How Spectre Works

Spectre... transforming fruit sizing technology.
The Hectre team love solving problems for orchardists and enterprise. Their latest agritech innovation is Spectre, computer vision technology that's fast and simple. Here's how it works...

The Basics

Spectre uses state of the art computer vision and machine learning to detect apple size, and then uses algorithms and statistical tools to estimate the size distribution of an apple bin in real time, all from one click on an iPhone or iPad.

Our team of passionate researchers, developers and engineers worked tirelessly for two years to produce Spectre and we are in awe of their talents and efforts. Early work involved US based warehouses, who provided amazing assistance with critical data collection. Initial Spectre pilots were carried out with growers across New Zealand, who provided fantastic feedback, assisting our team to improve Spectre. We continue to be humbled by the generosity shown by all of these businesses.

Want to dive deeper? Please read on...

What is computer vision and machine learning?

Take a look at your hand and your eyes will see five fingers. Computer vision is where a camera or computer system can give you the same information, without you having to count. In order for computer vision to decipher that there are fingers in the photo, the system needs to be trained and taught what fingers look like. This is called machine learning.

Machine Learning requires a large amount of data to be input into a system for it to learn what is the correct or incorrect output, how to identify an apple in various conditions, and how to measure its size as accurately as possible. Our team travelled to growers and collected thousands of apple images to teach the system what an apple really looks like and then created a thousand individual apple annotation labels for hand selected images. Our pre-trained model was then retrained, which is known as transfer learning.
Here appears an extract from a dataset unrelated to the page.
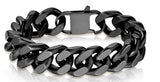 16mm Black Cuban Link Bracelet Wide Stainless Steel SB12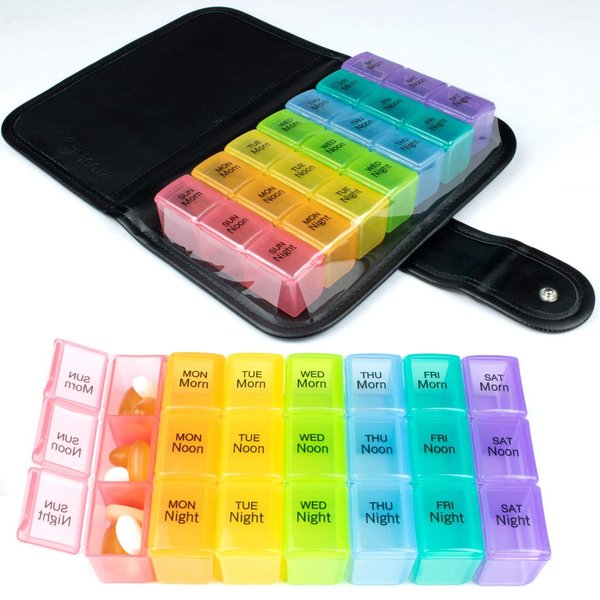 Pill Organizer 3 Times A Day, Pill Box, Medicine Organizer, Weekly Pill Organizer, Pill Container, Vitamin Organizer, Travel Pill Container, Medication Organizer Pill Holder, Small Pill Organizer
We used a pre-trained model to detect individual apples and draw masks and bounding boxes around them. The geometric information of the masks and bounding boxes were translated into real-world dimensions, such as millimetres and inches.
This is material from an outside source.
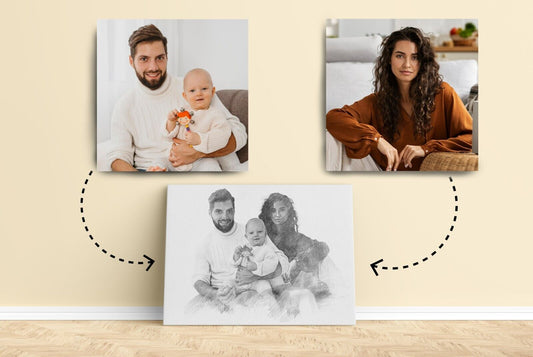 Memorial Portrait Gift Idea for Her Him Combine Multiple Photos Sketch Drawing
We found that humans couldn’t always replicate a photo with the perfect angle and pitch using a mobile phone. The solution: we applied a perspective transformation to stretch the bin top into a known frame position, mimicking a top-down view.

A histogram was produced from the bounding box width data to present how many fruits of each size category were detected. The two most useful points of information for apple growers based off histogram data included mean size and standard deviation. The mean was the average apple size, while the standard deviation gave an indication as to how much variation in apple size existed throughout the top layer.

Spectre could now estimate the size for the entire bin by taking the detected fruit on the top layer of the processed full apple bin with accuracy.